Just an example of the sort of difficulty the refusal of insuring all deposits led to: millions of small businesses may only find difficult to maintain balances below $250,000. This is all the more silly, since the Obama administration made clear it viewed the 19 top banks as too big too fail (thus there was no risk insuring all and any deposits; in a huge contradiction, though, depositors did lose their money in smaller banks going in receivership!)
*

Patrice Ayme

Addendum: REPAIRING BANKS: Stiglitz called Geithner's PPIP a "robbery of the American people". I agree. But a week later, Obama repelled the mark to market rule, and that pretty much made the PPIP unworkable.
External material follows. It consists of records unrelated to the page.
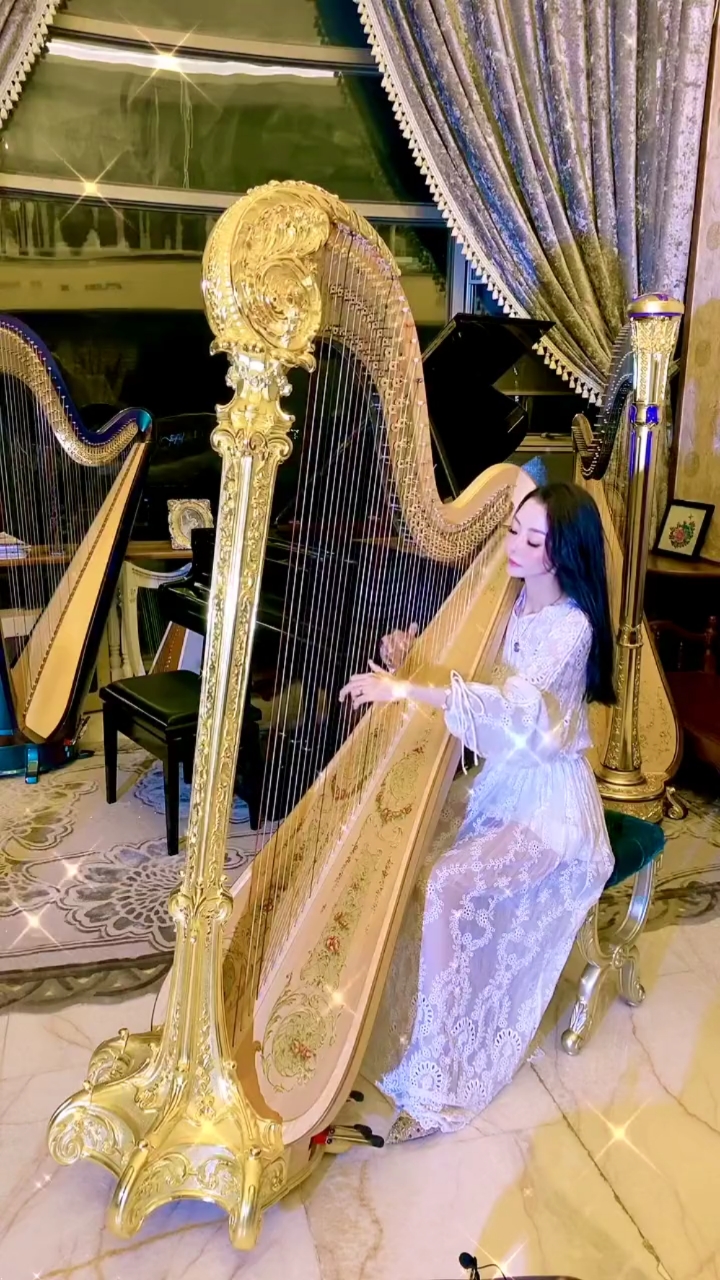 聆听:竖琴弹奏的一曲《吉诺佩蒂》.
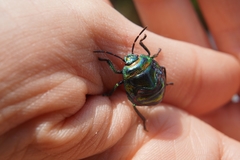 Poecilocoris splendidulus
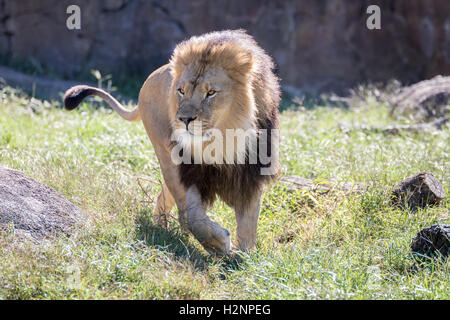 Un leone con un grande mane camminando nell'erba. Foto Stock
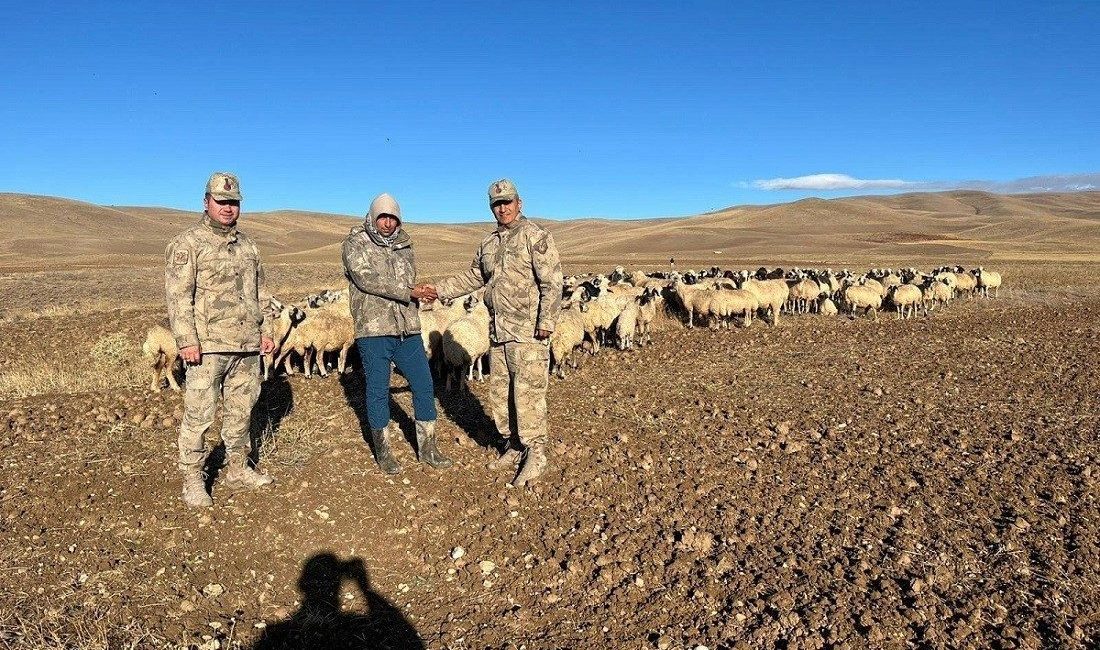 Erzincan’ın Çayırlı ilçesinde kaybolan 300 koyun jandarma ekiplerince drone ile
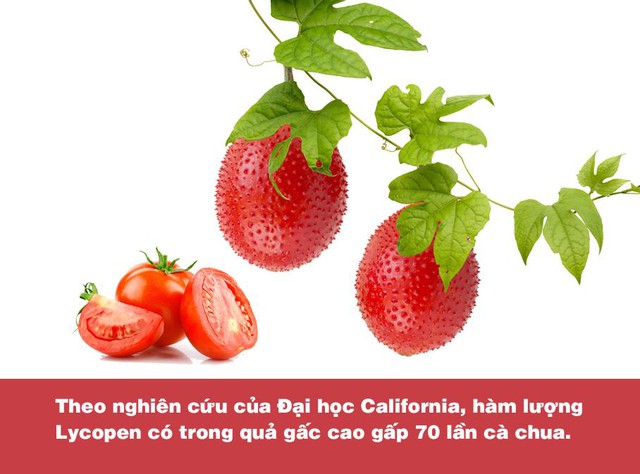 Chứa hàm lượng dưỡng chất cao gấp nhiều lần cà chua, cà rốt; gấc chính là thực phẩm vàng dành cho lá gan - Ảnh 2.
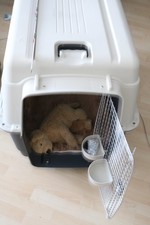 Xxxl hundetransportbox flugbox gebraucht kaufen Xxxl hundetransportbox flugbox gebraucht kaufen  Pöttmes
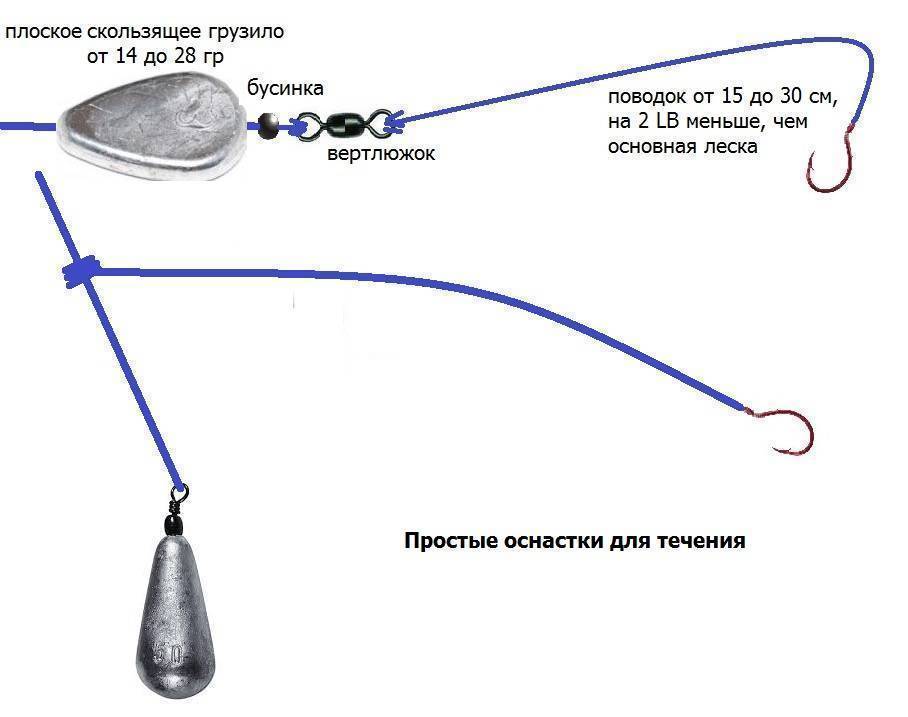 Как ловить форель на донку: ловля форели на пасту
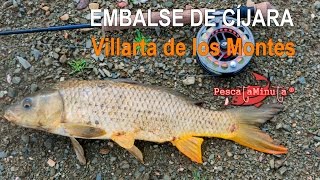 Embalse del Cíjara, Villarta de los Montes - Carpa común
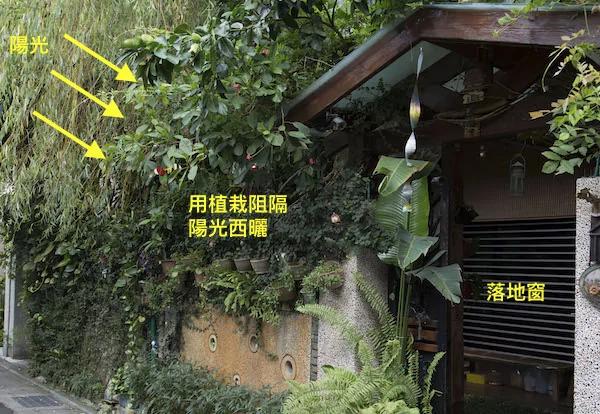 简单居家改造 让西晒住宅降温7度、省下75%电费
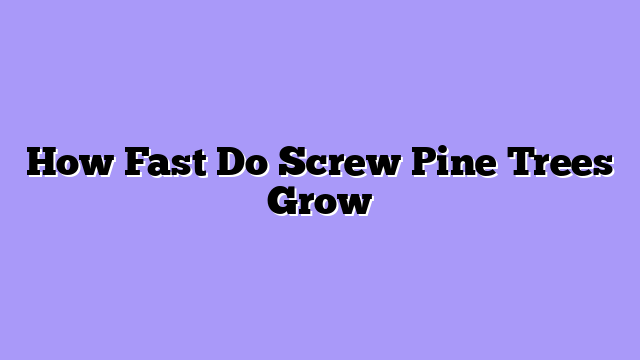 How Fast Do Screw Pine Trees Grow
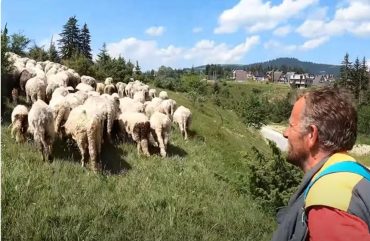 Пастир Будо на Влашићу чува 180 оваца (ВИДЕО)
The ways of Obama are not as mysterious as those of God: one week he makes a blatant gift to the hedge funds, delivered by his human poodle, and the hedge funds are all happy that the plutocrats are solidly in control, and the week after, Obama takes away their food, but they are too stupid to notice.

Stiglitz and Krugman opposed the conversion of preferred to common stock. Indeed the preferred route for cleaning the banking system would have been receivership (the bank fails, and is reorganized by the government, and then sold for a profit). The point being that the USA then takes ownership of the bank for the cost of recapitalization. The drawback is that severe disruptions to the financial system can happen as shareholders lose everything and bond holders can lose a lot.

The Obama administration had first followed the Bush administration policy (reimbursing losses with taxpayer money, which I have long argued was unworkable: I valued the losses at 8 trillion, minimum; now the IMF is at three trillions in the USA alone). Thus I was satisfied by the conversion into common stock (which has the right of vote, that preferred do not have). It is as good as nationalization can get, once receivership has been excluded (for the reasons of the disruption that bothered Obama).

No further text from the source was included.